Audi engineers work very closely with their racing colleagues on the development of lighting technologies. The combination of LED and laser high beams, for example, will be used for the first time on the new Audi R18 e‑tron quattro at the 24 Hours of Le Mans on June 14 and 15. The premium brand is thus continuing its tradition of using racing to test new technologies destined for production.
“Audi has long dominated the most important 24-hour race. In addition to the outstanding TDI drive technology, a maximum light yield gives our pilots a major advantage, and with night racing in particular is a key factor to our success,” says Prof. Dr. Ulrich Hackenberg. “The transfer of the laser headlight to the Audi R8 LMX underscores our leading position in lighting technology. The safety benefit this provides to the customer truly represents Vorsprung durch Technik,” says AUDI AG’s Board Member for Development.

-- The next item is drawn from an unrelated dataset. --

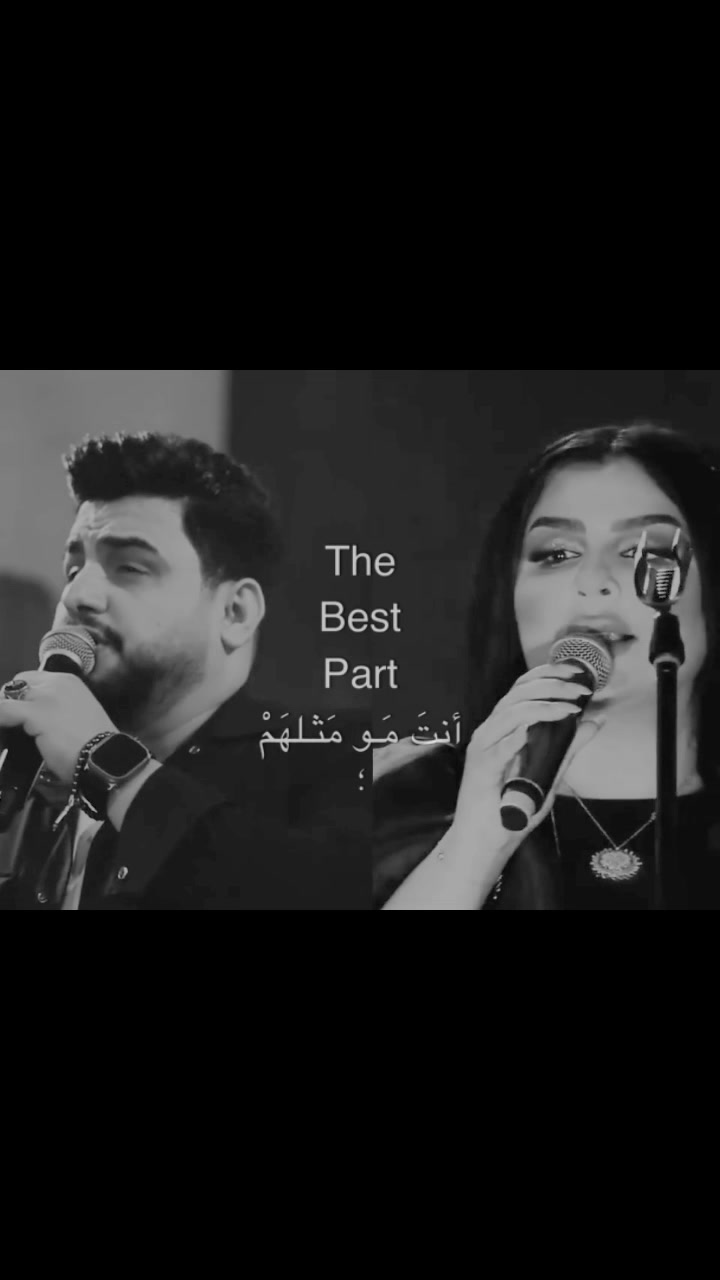 @حہمہوديہ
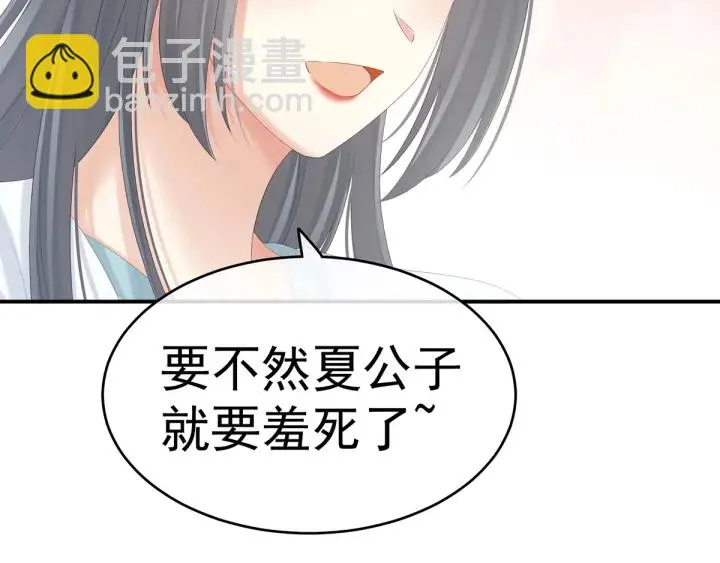 第188话 羞死了~ 第71页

With the new laser high beams, one laser module per headlight generates a cone of light with twice the range of the all-LED headlight. Each module comprises four high-power laser diodes. With a diameter of just 300 micrometers, these generate a blue laser beam with a wavelength of 450 nanometers. A phosphor converter transforms this into roadworthy white light with a colour temperature of 5,500 Kelvin – ideal conditions for the human eye that enable the driver to recognise contrast more easily and help prevent fatigue. The laser spot, which is active at speeds of 37mph and above, supplements the LED high beam in the R8 LMX and greatly enhances visibility and safety. An intelligent camera-based sensor system detects other road users and actively adjusts the light pattern to avoid dazzle.